Montreal, October 4, 2012 – Jobie Tukkiapik, President of Makivvik and Joey Saganash, Chairman of the Board of Directors of Projets Autochtones Québec (PAQ) signed today a partnership agreement to support Inuit men and women who are in a vulnerable situation or homeless in Montreal.
The purpose of the agreement is to establish formal collaboration between Makivvik, an organization that represents the 10,000 Inuit of Nunavik, northern Quebec, and Projets Autochtones Québec, a shelter for Aboriginals in Montreal. Funding for this agreement has been secured by Makivvik with the support of the Kativik Regional Agreement.
The signing of this partnership agreement will enable PAQ, amongst other things, to hire an Inuit Street Case Worker who will provide support to the Inuit men and women in their difficulties and in their efforts to transition away from life on the streets.

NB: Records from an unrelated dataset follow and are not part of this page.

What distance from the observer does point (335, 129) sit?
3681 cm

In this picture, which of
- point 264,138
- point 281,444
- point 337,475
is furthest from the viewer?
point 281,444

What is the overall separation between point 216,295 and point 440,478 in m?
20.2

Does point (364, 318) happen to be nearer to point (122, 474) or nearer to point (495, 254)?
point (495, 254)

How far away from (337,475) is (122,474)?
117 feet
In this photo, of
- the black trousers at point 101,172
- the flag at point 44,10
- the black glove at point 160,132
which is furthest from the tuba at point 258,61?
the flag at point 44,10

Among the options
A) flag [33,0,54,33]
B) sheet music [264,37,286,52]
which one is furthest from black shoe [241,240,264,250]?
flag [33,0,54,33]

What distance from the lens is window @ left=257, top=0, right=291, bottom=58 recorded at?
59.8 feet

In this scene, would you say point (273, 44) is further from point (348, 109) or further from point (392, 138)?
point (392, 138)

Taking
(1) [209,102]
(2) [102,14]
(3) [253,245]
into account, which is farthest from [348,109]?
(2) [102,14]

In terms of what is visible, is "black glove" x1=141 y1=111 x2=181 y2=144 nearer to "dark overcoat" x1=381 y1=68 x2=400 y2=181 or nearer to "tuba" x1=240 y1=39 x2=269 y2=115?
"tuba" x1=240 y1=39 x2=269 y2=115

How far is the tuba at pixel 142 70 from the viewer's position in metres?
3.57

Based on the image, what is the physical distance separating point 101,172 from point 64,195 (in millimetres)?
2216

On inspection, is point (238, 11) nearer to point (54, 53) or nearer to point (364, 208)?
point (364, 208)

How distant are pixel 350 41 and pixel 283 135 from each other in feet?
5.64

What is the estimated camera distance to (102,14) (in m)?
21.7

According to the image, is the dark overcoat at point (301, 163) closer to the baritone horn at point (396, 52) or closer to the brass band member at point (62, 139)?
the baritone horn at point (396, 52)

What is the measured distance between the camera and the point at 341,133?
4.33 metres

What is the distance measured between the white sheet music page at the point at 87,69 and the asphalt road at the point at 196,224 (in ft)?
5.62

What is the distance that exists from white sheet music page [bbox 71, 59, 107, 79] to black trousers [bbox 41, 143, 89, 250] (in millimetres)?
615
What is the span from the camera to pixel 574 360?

A for the Chairman of PAQ, Joey Saganash: “The signing of this partnership agreement with Makivvik greatly enhances PAQ’s objectives. PAQ has been at the heart of Aboriginal needs for over 8 years. Things happen for a reason, the hard part is realizing what that reason is. So let’s keep moving forward, always believing in ourselves and in the men and women we serve”.
As for the President of Makivvik, Jobie Tukkiapik: “The causes of Inuit homelessness are rooted in northern regions, including Nunavik. Nunavik Inuit have experienced drastic changes in the last 60 years which had and are having major impacts on our people: nomadic life to permanent communities; high level of suicide, high school dropout, major violence and poverty. Inuit are dealing with an historical trauma, the cumulative effect of massive social change forced on the Inuit over a very short period of time”.

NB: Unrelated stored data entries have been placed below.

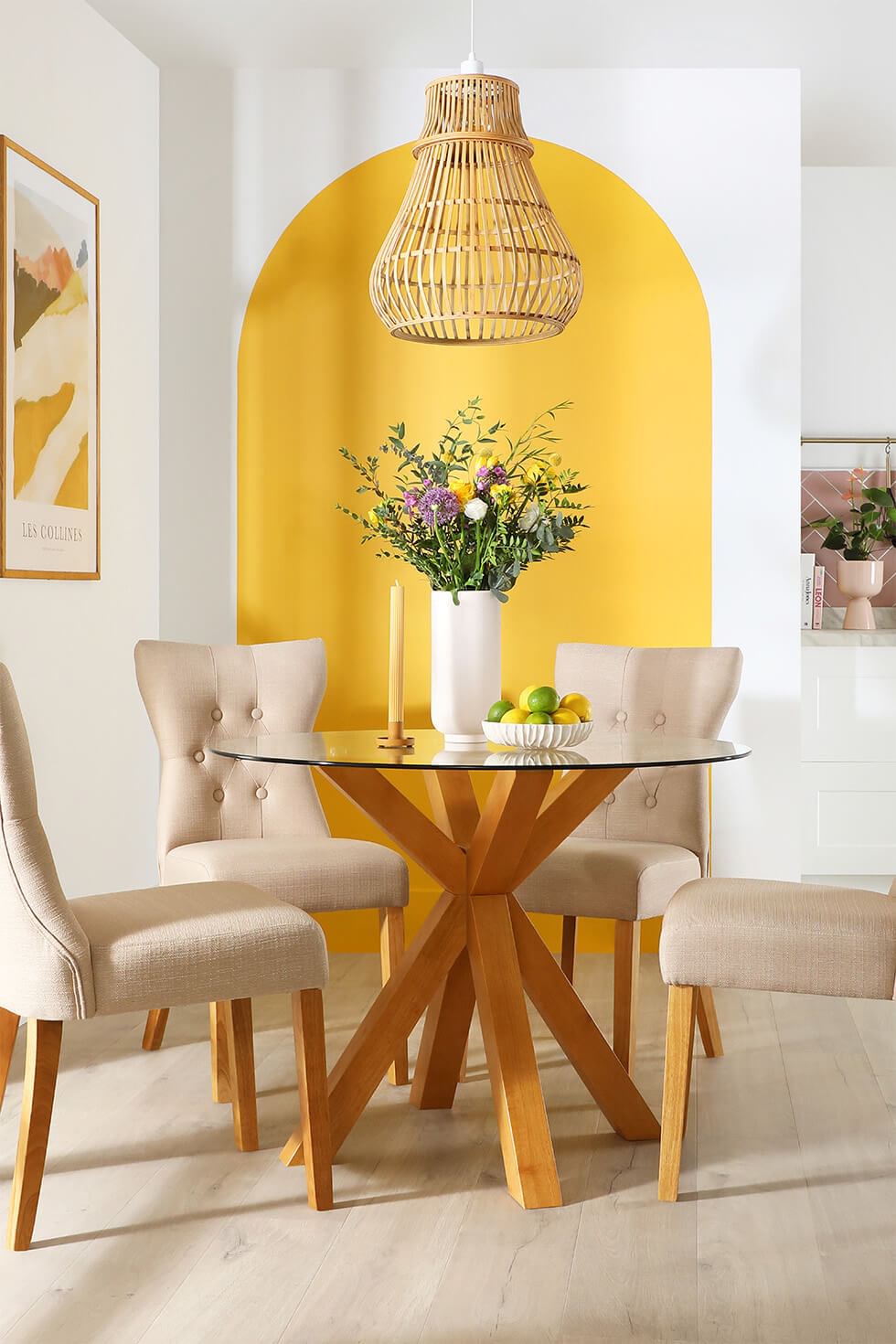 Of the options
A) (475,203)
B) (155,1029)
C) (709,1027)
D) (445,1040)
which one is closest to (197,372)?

In the continuation of the development of its strategy and action plan on Inuit homelessness, Makivvik will continue its discussions and work closely with other Inuit organizations, institutions and groups providing social services to the homeless in Montreal, the City of Montreal, the governments of Quebec and Canada, and the private sector.

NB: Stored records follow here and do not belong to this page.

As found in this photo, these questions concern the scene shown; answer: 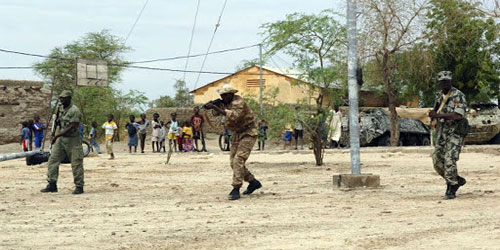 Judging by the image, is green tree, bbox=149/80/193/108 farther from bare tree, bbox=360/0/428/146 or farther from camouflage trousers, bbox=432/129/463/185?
camouflage trousers, bbox=432/129/463/185

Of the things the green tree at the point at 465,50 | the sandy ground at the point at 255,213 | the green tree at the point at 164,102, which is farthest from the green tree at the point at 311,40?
the green tree at the point at 164,102

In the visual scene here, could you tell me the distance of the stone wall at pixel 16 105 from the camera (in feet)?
106

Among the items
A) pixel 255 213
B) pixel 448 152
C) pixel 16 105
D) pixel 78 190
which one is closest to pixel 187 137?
pixel 16 105

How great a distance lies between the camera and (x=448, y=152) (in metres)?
10.1

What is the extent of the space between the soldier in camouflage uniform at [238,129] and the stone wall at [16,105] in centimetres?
2302

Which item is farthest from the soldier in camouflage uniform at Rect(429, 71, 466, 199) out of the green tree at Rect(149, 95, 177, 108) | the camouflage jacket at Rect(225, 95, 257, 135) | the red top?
the green tree at Rect(149, 95, 177, 108)

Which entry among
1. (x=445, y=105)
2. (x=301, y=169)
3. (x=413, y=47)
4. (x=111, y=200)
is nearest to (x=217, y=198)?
(x=111, y=200)

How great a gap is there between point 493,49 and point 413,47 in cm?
693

For Makivvik, preventing Inuit homelessness is the most important objective to be achieved, and that means to try to meet the basic needs of these Inuit by providing adequate housing for Inuit men, women and children, adequate income and integration efforts, and provision of adequate support services, including the establishment of social and cultural networks, promotion of healthy lifestyles, assist Inuit in adjusting to life in an urban environment, availability of country food, services for the children.